Cuando estuve en la Facultad de Medicina me sentí poco atraído por la psiquiatría. Lo atribuyo a la propia ignorancia y a que la formación que se nos ofrecía entonces era más descriptiva e interpretativa que basada en un conocimiento neurobiológico que acaba de aparecer disruptivamente y que ponía en discusión diferentes maneras de entender la comprensión, el enfoque y el tratamiento de algunas enfermedades mentales. También influía el hecho de que estas enfermedades eran estigmatizadoras y prácticamente atendidas desde la beneficencia. Y siguió siendo así hasta la década de los 80 del siglo pasado cuando se generalizó su inclusión en la cartera de servicios de la sanidad pública, a la vez que se reconceptualizaban la asistencia y los recursos de institucionalización del enfermo. Pese a los avances y el esfuerzo hecho, las enfermedades mentales siguen siendo la hermana menospreciada y pobre de la sanidad pública.

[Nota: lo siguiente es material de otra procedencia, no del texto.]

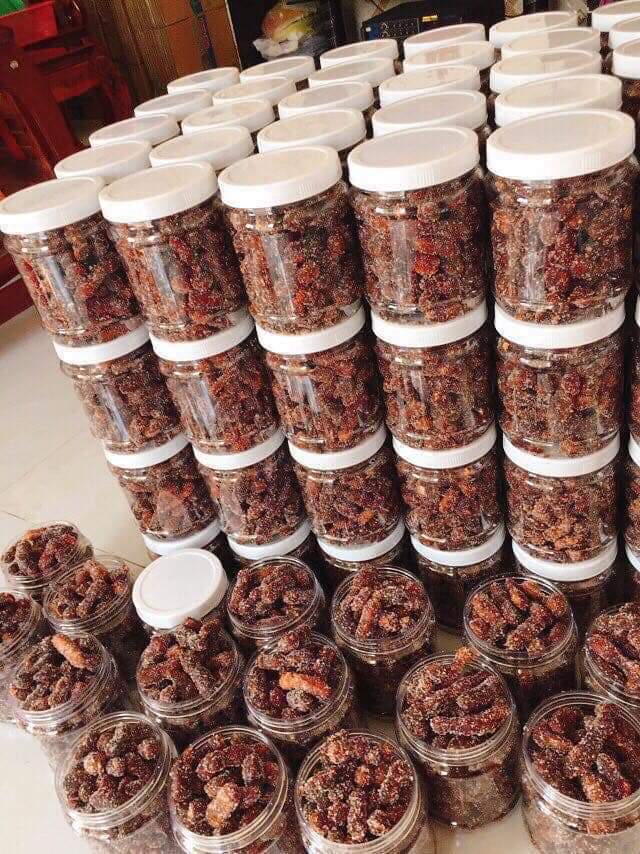 [HCM]CHẢ GIÒ TÔM SẤY CAY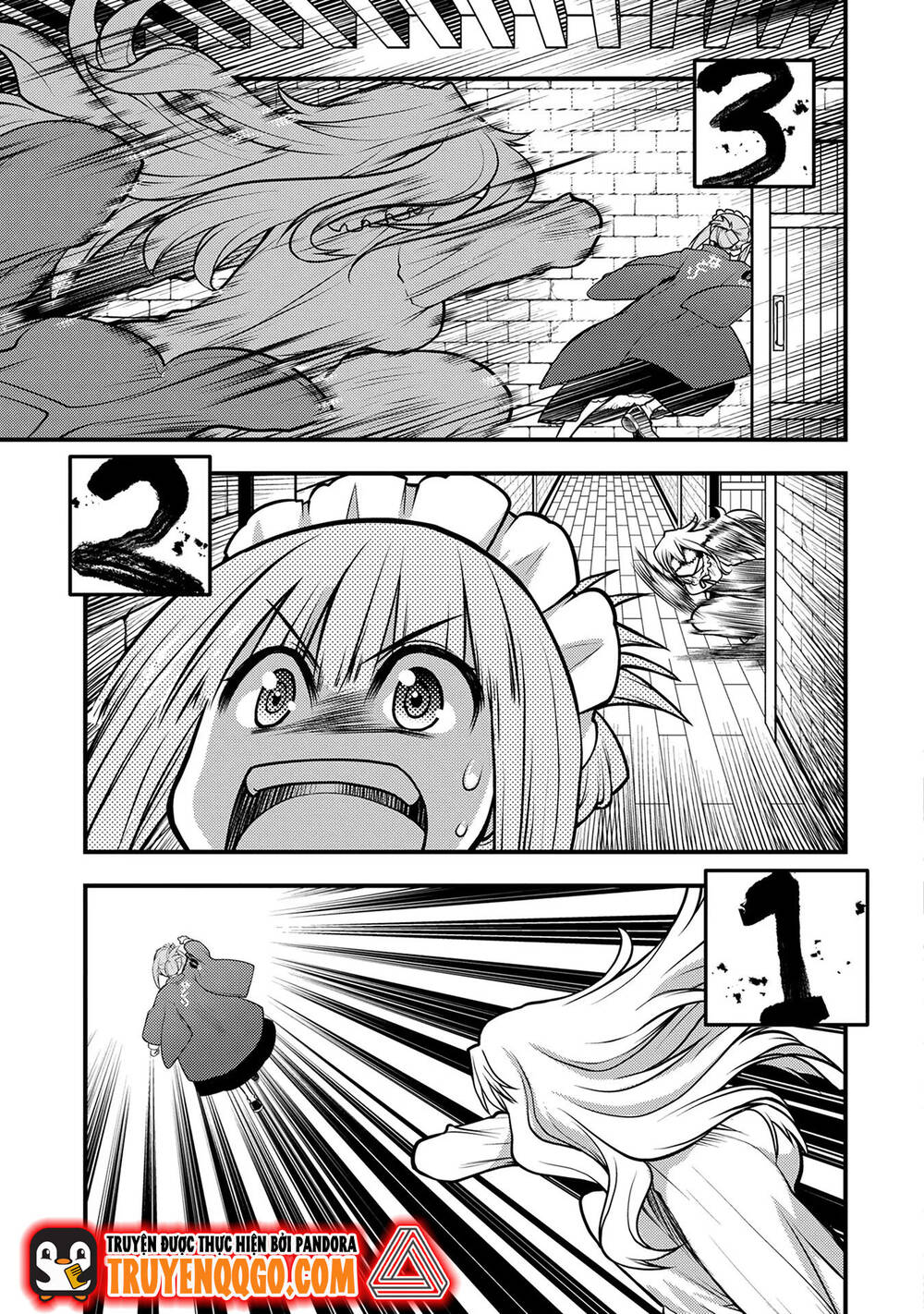 Oozumou Reijou ~Seijo Ni Hirateuchi Wo Kuratta Shunkan Sumou Budatta Zense Wo Omoidashita Akuyaku Reijou No Watashi Wa Sute Neko Ouji Ni Chanko Wo Furumaitai Haadosukoidosukoi~ - Chapter 6 - Page 4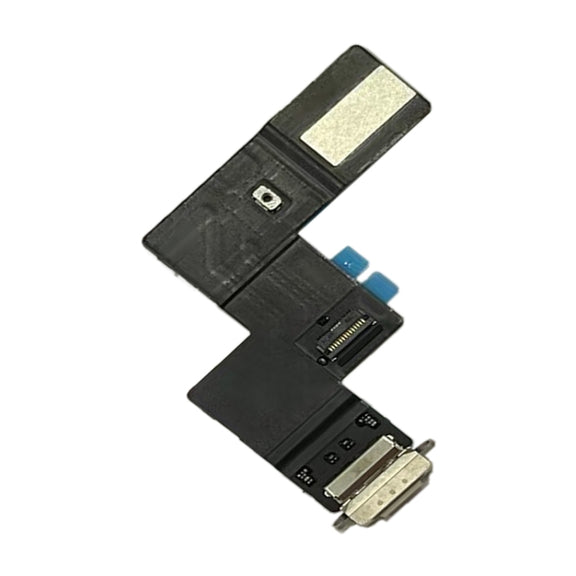 For iPad Air 13 2024 A2898 A2899 A2900 Magnetic Charging Port Flex Cable (White)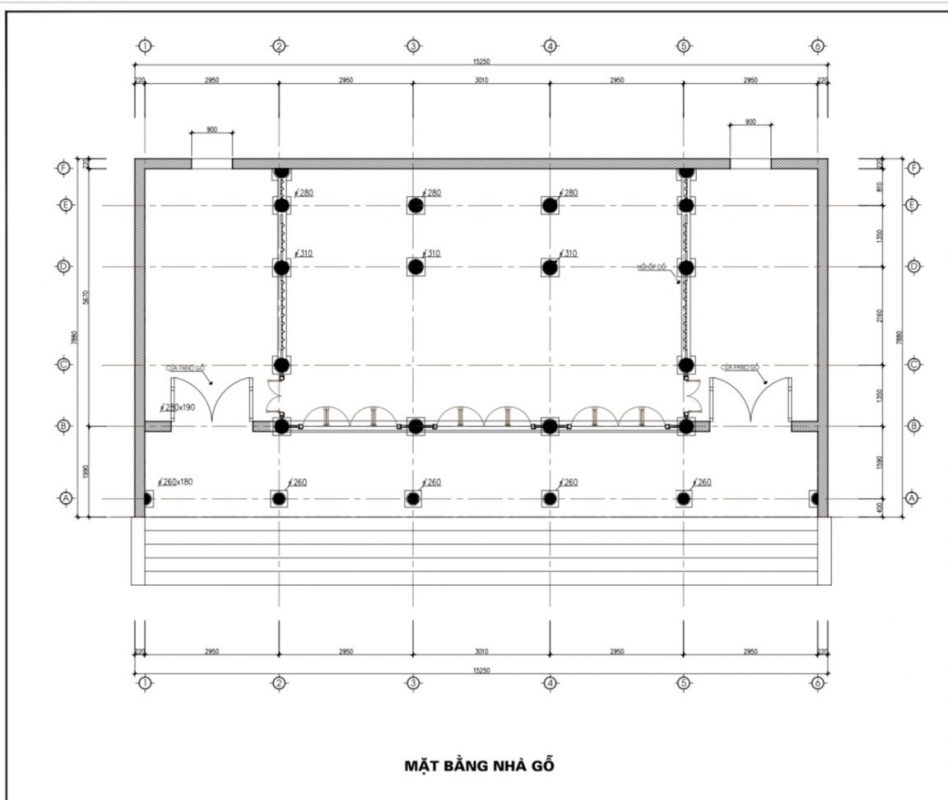 Nhà Gỗ Phúc An – Nhà Gỗ Dân Gian, Nhà Gỗ Hiện Đại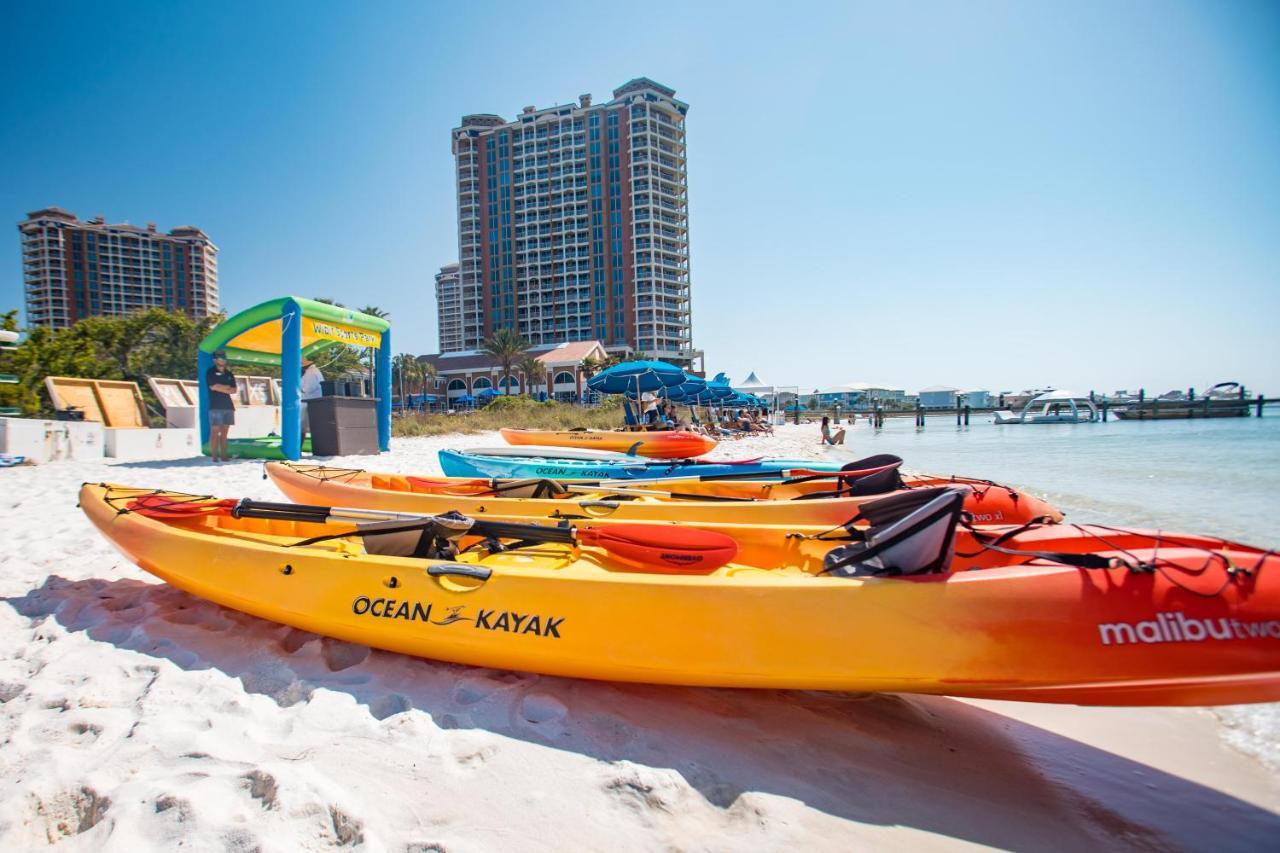 Portofino Tower 3 Unit 1609 Apartment Pensacola Beach Ngoại thất bức ảnh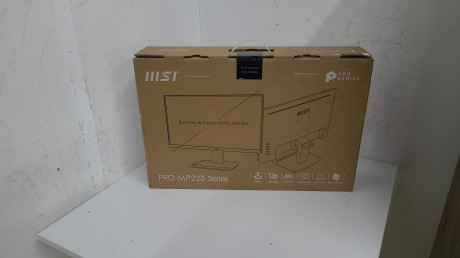 MSI PRO MP223 21.5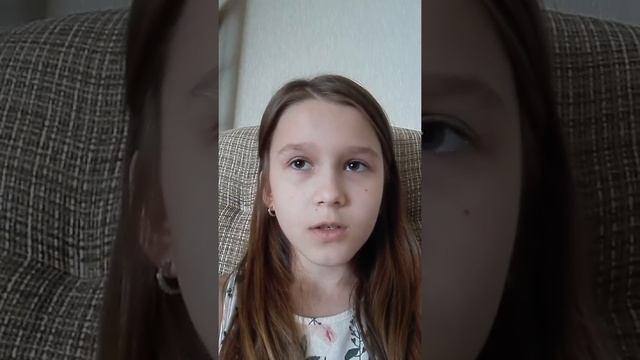 Рассказываю стихи На поляне,у тропинки и Весененья гостья!Супер! смотреть онлайн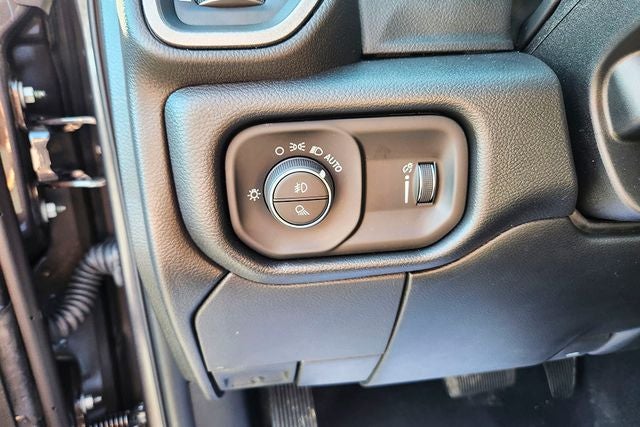 2027 RAM 2500 Base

De los muchos retos que tiene nuestra sanidad, el abordaje asistencial de la salud mental es uno de los que demanda priorización de agenda: más formación y especialización de profesionales, más y diferentes recursos sectorializados, tanto en el ámbito de agudos, como de subagudos, crónicos, ambulatorios, residenciales y comunitarios. Y reforzando al mismo tiempo herramientas preventivas tanto en el ámbito individual, educativo, social y ambiental, sin olvidar la lucha contra la estigmatización.
Reconozco que, con tantos años de ejercicio, lo que me ha hecho reflexionar más sobre mi sentido y orientación vocacionales ha sido el trato con enfermos mentales graves (incluidas demencias y toxicomanías) y sus familias. A estas me quiero referir ahora.
La invisibilización e incomodidad que se da cuando se trata a una persona con un trastorno mental grave y altamente discapacitante son muy percibidas por los familiares, a quienes también les salpica el estigma. Procesos graves que despersonalizan al paciente y que trinchan familias y allegados, sobre todo en la evolución cronificada. Para estos, el sentido profundo de palabras como empatía, solidaridad, acompañamiento, conmiseración y apoyo lo es todo. También una mirada diferente. Más allá de la atención que precisen los enfermos, tenemos que pensar más en las familias. La sociedad y todos y cada uno de nosotros ha de plantearse cómo nos aproximamos fraternalmente a ellos para comprender y apoyar a los que les ha tocado cargar duramente con esta mochila vital.